[Opening Input section]
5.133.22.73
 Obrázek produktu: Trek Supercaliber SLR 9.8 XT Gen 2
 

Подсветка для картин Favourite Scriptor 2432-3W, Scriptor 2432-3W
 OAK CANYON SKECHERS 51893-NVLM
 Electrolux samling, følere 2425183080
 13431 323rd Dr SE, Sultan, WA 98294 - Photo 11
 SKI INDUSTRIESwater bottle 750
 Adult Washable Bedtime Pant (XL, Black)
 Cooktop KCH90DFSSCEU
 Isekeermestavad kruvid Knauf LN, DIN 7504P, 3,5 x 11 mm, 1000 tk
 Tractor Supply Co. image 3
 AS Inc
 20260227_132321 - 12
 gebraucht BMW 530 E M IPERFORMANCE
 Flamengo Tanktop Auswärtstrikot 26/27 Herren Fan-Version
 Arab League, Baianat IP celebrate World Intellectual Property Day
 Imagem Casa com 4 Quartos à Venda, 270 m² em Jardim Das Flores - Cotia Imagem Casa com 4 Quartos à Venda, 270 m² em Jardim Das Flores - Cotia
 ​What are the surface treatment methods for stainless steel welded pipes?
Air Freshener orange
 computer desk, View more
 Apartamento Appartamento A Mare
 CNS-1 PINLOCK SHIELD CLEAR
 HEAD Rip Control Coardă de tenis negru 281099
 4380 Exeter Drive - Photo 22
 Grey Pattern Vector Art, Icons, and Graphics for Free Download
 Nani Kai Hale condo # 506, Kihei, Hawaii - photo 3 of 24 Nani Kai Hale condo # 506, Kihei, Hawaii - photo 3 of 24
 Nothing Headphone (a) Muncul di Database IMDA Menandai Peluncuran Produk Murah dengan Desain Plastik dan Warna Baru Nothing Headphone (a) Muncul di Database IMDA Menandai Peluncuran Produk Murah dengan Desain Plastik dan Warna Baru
[Closing Input section]
_What the task requires:_ Nothing but the lines from the one that contains "Cooktop KCH90DFSSCEU" through the end of the data above should appear, each reproduced exactly.

_Solution for this exercise:_
 Cooktop KCH90DFSSCEU
 Isekeermestavad kruvid Knauf LN, DIN 7504P, 3,5 x 11 mm, 1000 tk
 Tractor Supply Co. image 3
 AS Inc
 20260227_132321 - 12
 gebraucht BMW 530 E M IPERFORMANCE
 Flamengo Tanktop Auswärtstrikot 26/27 Herren Fan-Version
 Arab League, Baianat IP celebrate World Intellectual Property Day
 Imagem Casa com 4 Quartos à Venda, 270 m² em Jardim Das Flores - Cotia Imagem Casa com 4 Quartos à Venda, 270 m² em Jardim Das Flores - Cotia
 ​What are the surface treatment methods for stainless steel welded pipes?
Air Freshener orange
 computer desk, View more
 Apartamento Appartamento A Mare
 CNS-1 PINLOCK SHIELD CLEAR
 HEAD Rip Control Coardă de tenis negru 281099
 4380 Exeter Drive - Photo 22
 Grey Pattern Vector Art, Icons, and Graphics for Free Download
 Nani Kai Hale condo # 506, Kihei, Hawaii - photo 3 of 24 Nani Kai Hale condo # 506, Kihei, Hawaii - photo 3 of 24
 Nothing Headphone (a) Muncul di Database IMDA Menandai Peluncuran Produk Murah dengan Desain Plastik dan Warna Baru Nothing Headphone (a) Muncul di Database IMDA Menandai Peluncuran Produk Murah dengan Desain Plastik dan Warna Baru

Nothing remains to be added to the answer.